10 posts tagged environment
Over the weekend, the heavens opened up and poured into the dry summer soil of the Delmarva Peninsula. The entirety of Sunday was a cacophony of thunder rumbles and lightning blasts, all underscored by the rushing patter of inches and inches of water falling. A fragment of a hurricane was stalled over us, and for hours, the furies of the weather continued unabated by an eye or a twinkle of sunshine.

From our little hill, in the slightly elevated part of the upper Eastern Shore, all was safe, if saturated. But an hour south, in Talbot County, some incredibly dramatic events unfolding, precipitated of course by the day’s seemingly endless precipitation.

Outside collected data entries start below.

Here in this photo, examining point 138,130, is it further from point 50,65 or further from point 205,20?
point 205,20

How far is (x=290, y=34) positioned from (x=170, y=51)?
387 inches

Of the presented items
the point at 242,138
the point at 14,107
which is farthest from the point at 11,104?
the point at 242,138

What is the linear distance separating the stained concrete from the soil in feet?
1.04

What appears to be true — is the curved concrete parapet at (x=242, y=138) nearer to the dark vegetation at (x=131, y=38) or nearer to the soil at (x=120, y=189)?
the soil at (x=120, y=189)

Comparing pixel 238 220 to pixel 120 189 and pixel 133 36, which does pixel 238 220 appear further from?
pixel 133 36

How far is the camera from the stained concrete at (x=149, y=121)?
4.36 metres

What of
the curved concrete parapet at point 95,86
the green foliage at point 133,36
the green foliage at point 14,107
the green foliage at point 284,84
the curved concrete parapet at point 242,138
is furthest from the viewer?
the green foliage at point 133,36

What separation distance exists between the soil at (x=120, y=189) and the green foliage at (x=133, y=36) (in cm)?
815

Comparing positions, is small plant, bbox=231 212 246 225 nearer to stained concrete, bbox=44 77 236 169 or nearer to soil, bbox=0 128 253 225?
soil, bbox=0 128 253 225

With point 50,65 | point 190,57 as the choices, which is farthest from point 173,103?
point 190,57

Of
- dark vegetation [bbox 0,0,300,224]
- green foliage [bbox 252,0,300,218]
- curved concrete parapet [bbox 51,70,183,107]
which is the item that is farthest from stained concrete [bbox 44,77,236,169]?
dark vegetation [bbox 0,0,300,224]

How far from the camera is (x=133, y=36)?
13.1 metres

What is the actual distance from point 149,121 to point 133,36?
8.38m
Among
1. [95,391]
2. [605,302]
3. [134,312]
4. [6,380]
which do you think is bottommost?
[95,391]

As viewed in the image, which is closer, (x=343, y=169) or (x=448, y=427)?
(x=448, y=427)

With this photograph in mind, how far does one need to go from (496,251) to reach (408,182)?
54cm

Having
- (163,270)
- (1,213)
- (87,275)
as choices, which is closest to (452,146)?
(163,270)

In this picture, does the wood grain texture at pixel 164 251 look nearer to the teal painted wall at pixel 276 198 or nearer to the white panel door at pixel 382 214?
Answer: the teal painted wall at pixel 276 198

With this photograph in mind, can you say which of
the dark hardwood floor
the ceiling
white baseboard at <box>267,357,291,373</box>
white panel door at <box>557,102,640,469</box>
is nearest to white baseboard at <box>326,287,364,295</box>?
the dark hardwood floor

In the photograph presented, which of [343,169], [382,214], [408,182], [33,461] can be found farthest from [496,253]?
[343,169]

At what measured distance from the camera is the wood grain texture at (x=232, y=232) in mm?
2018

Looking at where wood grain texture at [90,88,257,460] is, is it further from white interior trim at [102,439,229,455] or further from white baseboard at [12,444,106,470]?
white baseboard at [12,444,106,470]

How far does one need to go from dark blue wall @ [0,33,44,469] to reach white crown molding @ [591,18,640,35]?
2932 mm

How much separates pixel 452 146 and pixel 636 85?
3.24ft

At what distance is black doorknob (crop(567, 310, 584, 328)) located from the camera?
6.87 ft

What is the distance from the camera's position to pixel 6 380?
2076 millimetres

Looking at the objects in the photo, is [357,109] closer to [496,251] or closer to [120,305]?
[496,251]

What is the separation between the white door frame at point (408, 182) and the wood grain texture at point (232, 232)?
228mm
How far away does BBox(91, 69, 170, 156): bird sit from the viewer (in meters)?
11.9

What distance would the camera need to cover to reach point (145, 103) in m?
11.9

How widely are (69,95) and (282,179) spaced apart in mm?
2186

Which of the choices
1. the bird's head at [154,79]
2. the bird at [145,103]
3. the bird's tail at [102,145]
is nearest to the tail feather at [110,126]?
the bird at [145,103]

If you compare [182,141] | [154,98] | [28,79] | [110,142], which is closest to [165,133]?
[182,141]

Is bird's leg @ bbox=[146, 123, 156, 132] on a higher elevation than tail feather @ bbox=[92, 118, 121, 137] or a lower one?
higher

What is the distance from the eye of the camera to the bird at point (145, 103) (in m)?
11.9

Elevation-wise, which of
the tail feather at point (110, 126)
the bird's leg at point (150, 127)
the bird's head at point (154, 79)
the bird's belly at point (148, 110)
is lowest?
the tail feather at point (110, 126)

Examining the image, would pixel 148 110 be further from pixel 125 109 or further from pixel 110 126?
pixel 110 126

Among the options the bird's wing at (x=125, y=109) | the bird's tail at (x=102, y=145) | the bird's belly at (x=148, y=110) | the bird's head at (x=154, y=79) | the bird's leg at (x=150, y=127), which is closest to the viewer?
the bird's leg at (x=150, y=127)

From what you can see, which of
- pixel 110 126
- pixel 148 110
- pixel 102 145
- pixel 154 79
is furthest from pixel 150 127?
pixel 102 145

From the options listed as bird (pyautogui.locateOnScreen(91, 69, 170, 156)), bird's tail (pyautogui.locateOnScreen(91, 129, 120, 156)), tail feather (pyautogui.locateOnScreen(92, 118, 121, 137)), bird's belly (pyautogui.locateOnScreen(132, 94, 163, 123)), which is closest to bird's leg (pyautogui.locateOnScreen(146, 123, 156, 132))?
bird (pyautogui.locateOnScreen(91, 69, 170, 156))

Photo courtesy of the Talbot Spy.
In Easton, Maryland, just about the mid-point of the Eastern Shore, it was raining too- but in wet, wild torrents, that submerged the town in 8 inches of water and rising. Cars were stranded, with waves from the flooding runoff lapping at their windows. Drivers were rescued, as the town’s arteries surged and overflowed with rainwater that bypassed the usual storm drains and instead created temporary rivers where the traffic usually flowed.

Photo courtesy of the Talbot Spy.
Farther south, in St. Michaels (home of the Chesapeake Bay Maritime Museum), the rain had also swamped the low-lying town. People gamely plowed through the rushing water, attempting (bravely or foolhardily, depending on how you look at it) to go about business as usual as if a foot of water wasn’t obscuring their passage.
This storm was certainly an unusual occurrence for the Eastern Shore- and particularly this summer, when much of the state suffered drought conditions and record-breaking temperatures for much of the sultry summer months. For weeks, it seemed as if the only sign of rain was the constant presence of a veil of humidity, softening the edges of the horizon with a suffocating wetness.

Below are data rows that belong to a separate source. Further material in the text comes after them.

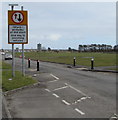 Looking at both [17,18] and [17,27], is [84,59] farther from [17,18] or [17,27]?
[17,18]

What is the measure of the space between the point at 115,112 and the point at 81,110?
1040mm

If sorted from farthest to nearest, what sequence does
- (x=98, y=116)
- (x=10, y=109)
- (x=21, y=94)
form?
(x=21, y=94) → (x=10, y=109) → (x=98, y=116)

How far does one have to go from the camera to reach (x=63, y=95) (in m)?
10.8

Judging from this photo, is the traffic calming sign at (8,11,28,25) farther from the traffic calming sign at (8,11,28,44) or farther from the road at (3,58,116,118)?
the road at (3,58,116,118)

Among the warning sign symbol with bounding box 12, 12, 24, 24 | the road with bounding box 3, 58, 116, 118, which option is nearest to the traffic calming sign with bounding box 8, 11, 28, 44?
the warning sign symbol with bounding box 12, 12, 24, 24

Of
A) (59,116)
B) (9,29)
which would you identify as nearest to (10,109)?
(59,116)

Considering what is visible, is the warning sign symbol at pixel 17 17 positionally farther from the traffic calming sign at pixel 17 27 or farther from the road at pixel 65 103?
the road at pixel 65 103

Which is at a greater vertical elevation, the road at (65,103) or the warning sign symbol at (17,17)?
the warning sign symbol at (17,17)

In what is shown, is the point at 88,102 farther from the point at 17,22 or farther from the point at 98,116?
the point at 17,22

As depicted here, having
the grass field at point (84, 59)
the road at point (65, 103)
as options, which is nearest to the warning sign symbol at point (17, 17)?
the road at point (65, 103)

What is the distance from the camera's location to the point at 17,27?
17.7 m

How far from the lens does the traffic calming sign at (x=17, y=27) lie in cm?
1736

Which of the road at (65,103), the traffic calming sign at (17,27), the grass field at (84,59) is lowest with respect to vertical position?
the road at (65,103)

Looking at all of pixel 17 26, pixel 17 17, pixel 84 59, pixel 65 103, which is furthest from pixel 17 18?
pixel 84 59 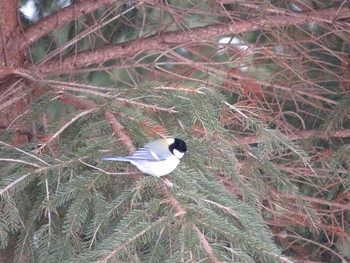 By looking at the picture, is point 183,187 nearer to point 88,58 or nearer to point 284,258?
point 284,258

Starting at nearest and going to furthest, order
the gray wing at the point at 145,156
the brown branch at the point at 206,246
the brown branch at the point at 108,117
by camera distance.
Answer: the brown branch at the point at 206,246 → the gray wing at the point at 145,156 → the brown branch at the point at 108,117

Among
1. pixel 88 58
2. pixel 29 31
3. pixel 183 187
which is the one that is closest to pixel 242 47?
pixel 88 58

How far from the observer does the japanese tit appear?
164 cm

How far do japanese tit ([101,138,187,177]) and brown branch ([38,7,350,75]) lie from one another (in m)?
1.08

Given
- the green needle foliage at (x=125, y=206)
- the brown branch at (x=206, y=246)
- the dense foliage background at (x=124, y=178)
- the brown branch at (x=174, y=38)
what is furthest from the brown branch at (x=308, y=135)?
the brown branch at (x=206, y=246)

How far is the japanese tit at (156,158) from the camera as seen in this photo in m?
1.64

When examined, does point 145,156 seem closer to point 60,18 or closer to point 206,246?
point 206,246

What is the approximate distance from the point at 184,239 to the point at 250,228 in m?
0.27

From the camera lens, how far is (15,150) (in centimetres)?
179

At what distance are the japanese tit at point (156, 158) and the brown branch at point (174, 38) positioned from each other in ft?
3.56

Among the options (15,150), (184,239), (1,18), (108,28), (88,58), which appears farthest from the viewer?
(108,28)

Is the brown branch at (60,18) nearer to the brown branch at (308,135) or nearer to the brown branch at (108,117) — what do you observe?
the brown branch at (108,117)

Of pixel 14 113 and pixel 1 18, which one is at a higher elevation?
pixel 1 18

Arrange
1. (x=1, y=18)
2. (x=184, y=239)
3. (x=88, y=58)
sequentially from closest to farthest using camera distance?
(x=184, y=239) → (x=1, y=18) → (x=88, y=58)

Smoky the Bear warned visitors at Blackwater National Wildlife Refuge in Cambridge, Maryland of the heightened possibility of summer blazes in July. source
Thought the drought this summer has touched almost every corn field with its withering finger, there is a silver lining. For the Chesapeake Bay, a summer with hardly any rain also translates to a summer with almost no pollution. And when there is no pollution (read: fertilizer both animal and chemical, sewage, or exhaust), the dead zones in the Chesapeake shrink to a size not observed since 1983.

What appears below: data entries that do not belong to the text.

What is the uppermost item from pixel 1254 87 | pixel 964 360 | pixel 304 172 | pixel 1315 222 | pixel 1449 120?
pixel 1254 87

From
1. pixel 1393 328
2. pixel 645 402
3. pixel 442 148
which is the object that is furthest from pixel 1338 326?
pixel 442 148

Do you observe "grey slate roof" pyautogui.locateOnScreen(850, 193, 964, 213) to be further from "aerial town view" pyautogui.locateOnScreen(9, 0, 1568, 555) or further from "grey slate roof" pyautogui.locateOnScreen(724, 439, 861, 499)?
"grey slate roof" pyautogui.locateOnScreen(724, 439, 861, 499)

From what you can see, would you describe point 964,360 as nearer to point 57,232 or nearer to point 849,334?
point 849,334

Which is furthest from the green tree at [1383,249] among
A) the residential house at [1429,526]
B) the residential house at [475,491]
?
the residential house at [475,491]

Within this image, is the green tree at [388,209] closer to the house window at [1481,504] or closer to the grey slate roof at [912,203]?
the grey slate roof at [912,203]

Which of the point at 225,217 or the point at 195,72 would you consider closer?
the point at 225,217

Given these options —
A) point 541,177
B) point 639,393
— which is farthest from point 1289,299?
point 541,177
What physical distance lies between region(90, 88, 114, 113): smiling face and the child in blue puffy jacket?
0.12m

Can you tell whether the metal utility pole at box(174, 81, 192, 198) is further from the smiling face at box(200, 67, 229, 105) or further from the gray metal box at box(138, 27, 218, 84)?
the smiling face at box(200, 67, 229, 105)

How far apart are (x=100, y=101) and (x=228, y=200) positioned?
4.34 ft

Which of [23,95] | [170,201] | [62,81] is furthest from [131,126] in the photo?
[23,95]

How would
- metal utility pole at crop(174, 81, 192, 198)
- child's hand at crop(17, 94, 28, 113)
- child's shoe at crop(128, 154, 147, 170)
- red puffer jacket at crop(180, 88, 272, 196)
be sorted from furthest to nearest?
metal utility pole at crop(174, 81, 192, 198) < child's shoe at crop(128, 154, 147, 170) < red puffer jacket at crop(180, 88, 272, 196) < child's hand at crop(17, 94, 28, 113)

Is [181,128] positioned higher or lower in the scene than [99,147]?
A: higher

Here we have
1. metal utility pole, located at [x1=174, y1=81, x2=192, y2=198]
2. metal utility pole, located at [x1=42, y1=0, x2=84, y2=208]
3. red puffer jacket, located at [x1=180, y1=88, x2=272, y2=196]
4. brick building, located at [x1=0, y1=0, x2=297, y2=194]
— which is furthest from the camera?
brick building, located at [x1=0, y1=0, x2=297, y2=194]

A 2005 chart of the Chesapeake’s record high dead zones.
To translate, dead zones are simply expanses of water where the oxygen levels are not high enough to support life. They are caused when pollution, including nitrogen and phosphorous from fertilizers on lawns and farm fields, is washed by rains into the Bay, where it spurs algae blooms during longer, warmer summer days. When the blooms die off, bacteria that break down the dead algae consume oxygen in the water. Dead zones tend to be found in the Chesapeake’s main stem, where the runoff from rivers with high populations collect and merge (see chart above).The algae blooms that precede them can be green, brown, or even red, and often, though a harbinger of foul conditions, are quite beautiful from above.

An algae bloom in Hampton Roads, Virginia, in the Leehaven River. (Ryan C. Henriksen | The Virginian-Pilot)
This year, only 11.8% of the Maryland portion of the Bay had official dead zones, but normally the number is at least twice as high. It’s especially interesting since all predictions for this summer were dire. With 2011 Hurricane Irene and Tropical Storm Lee sending torrents of water and sediment coursing down the Susquehanna, through Conowingo Dam, and into the Bay, the assumption was the Bay this summer would be its least life-sustaining yet. But the extreme Chesapeake crisis was averted, though it was through an unpredicted but just-as-extreme summer drought that left many Bay farmers examining fractured soil and dried corn stalks for signs of life.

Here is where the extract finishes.